Alex realized he was starting to drown.
Th' hell Ah am, he thought in sudden rage. Ee yon mountain comit nae t' Mahamet, he thought, as he brought his knees up to touch the rock wall in front of the passageway, gripped the rock rim, and thrust.
It was not true, despite stories told later in Mantis bars, that the earth moved. But what did happen is a half-meter-square square of living rock ripped free, coming toward the dim glow of Alex's light.
And then he was rolling into the chamber and frogging his way up for air and light.
He surfaced like a blowing whale, then thrashed his way to shore. Sten, sheepishly treading water just above the hole Alex had come out of, had been getting ready for a nonsensical and impossible rescue dive.
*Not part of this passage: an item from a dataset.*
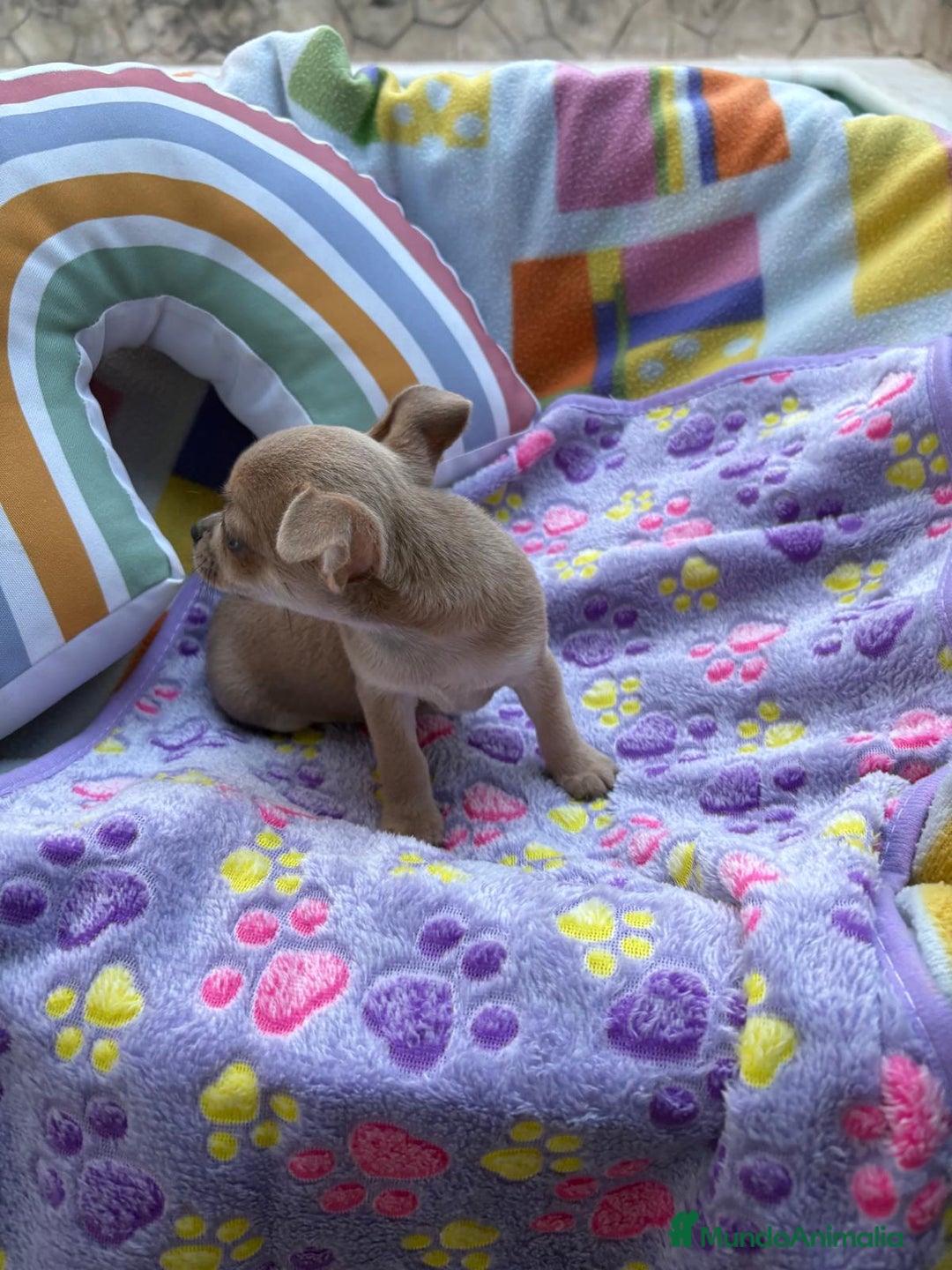 Chihuahua perros en venta: Hembrita chihuahua toy - Imagen 2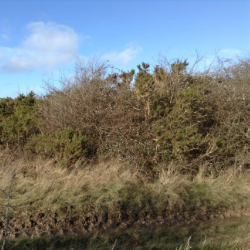 shrub clearance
He swam toward the small beach, in Alex's considerable wake.
"Ah thought Ah sae aye fish't Ah knew" was Alex's only explanation for the delay, and the team continued.
From there it was easy. The transponder pointed them directly to where one of the enormous poured-and-reinforced columns came through the cave's roof. A small demo charge cracked the side of the column enough for the three to enter.
Then it was just a matter of the three exhausted, bedraggled beings chimneying their way up seven-hundred meters of glass-smooth wet concrete.
CHAPTER SIXTY-NINE
IT WASN'T MUCH of a diversionary attack. But then it wasn't supposed to be. But battle plans, including phony diversions, never work out exactly as they should. Mantis section and the seventy-odd mercenaries who weren't immediately hospitalized had planned to assemble outside one of the Temple's secondary gates, snipe any Companion stupid enough to stick his head above the walls, fire all the available pyrotechnics and light artillery at the gates, and, finally, whoop and holler a lot while Sten and Alex went for Mathias.
Even though she probably belonged in an intensive care capsule, Ffillips insisted on being present. She was quite happily functioning as Ida's loader while the Rom woman directed bursts of 50mm fire at one of the Temple's gates.
"Of course I'm not saying there's no place for mercenaries," Ida explained. "It's merely a dumb way to make a credit."
"Some of us," Ffillips managed as she dumped another clip of shells into a loading trough, "don't have any other choice."
"Clottin' hell!" Ida snorted. "There's always a choice."
"Even for a mercenary?" Ffillips asked dubiously.
"Certainly. A good killer would be a wonderful banker. Or diplomat. Or in commodities, which I can tell you privately is a guaranteed mill-credit career."
Ffillips was trying to decide whether Ida was joking when a burst caught the Temple gate on one of its hinges and proved that the contractor who had built the Temple had been no more honest than most public-works builders.
The entire gate pinwheeled into the air, leaving a clear entrance to the Temple. Suddenly the diversionary attack turned quite real as the mercs howled—a long, curdling wolfpack sound—and ran forward.